§ **Exercise prompt**
Print the lines that run from the line with "Sole & Lago-Lake Maccagno Luaran gambar" to the line with "Емкость 1,2 куб.м.", keeping both end lines, exactly as they appear in the entries below, and nothing else.

Recorded data

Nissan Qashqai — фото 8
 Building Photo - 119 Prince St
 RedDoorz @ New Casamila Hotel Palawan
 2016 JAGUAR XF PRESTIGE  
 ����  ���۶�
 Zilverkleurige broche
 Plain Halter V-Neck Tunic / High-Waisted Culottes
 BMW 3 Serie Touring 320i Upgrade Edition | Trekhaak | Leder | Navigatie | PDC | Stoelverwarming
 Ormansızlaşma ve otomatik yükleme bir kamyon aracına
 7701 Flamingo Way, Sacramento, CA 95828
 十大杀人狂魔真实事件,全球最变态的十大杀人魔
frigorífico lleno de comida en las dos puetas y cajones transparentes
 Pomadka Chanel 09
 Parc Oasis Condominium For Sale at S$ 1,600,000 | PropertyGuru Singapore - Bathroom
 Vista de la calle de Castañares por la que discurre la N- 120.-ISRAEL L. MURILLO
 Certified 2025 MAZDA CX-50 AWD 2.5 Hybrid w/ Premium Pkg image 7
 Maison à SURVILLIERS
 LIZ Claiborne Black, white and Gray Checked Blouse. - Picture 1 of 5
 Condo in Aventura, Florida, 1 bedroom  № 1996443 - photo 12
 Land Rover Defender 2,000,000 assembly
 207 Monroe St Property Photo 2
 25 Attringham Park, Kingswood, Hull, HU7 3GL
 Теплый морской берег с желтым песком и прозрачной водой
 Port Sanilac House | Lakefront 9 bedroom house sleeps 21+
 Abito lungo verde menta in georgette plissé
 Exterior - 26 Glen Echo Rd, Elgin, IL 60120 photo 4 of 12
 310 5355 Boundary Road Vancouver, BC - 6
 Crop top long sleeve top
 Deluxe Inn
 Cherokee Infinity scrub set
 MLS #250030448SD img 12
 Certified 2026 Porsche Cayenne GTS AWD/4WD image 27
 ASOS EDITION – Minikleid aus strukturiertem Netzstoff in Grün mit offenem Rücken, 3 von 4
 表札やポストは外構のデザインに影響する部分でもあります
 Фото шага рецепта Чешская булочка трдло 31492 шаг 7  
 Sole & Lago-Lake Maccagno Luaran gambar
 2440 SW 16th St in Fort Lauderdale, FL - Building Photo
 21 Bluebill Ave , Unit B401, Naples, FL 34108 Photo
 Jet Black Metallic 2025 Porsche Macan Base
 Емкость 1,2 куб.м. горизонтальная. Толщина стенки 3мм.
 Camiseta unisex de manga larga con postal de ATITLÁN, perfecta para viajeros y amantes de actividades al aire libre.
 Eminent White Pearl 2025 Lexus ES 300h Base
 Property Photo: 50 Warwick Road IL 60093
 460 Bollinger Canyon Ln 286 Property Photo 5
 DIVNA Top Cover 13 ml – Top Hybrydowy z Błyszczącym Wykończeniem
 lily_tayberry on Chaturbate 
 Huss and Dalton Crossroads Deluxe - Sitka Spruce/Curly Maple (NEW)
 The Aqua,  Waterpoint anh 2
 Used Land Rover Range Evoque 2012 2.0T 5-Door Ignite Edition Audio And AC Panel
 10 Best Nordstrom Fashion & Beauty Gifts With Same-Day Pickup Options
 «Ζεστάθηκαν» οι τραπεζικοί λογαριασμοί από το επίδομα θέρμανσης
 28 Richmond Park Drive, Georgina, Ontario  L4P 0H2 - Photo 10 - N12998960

§ **Result for this task**
 Sole & Lago-Lake Maccagno Luaran gambar
 2440 SW 16th St in Fort Lauderdale, FL - Building Photo
 21 Bluebill Ave , Unit B401, Naples, FL 34108 Photo
 Jet Black Metallic 2025 Porsche Macan Base
 Емкость 1,2 куб.м. горизонтальная. Толщина стенки 3мм.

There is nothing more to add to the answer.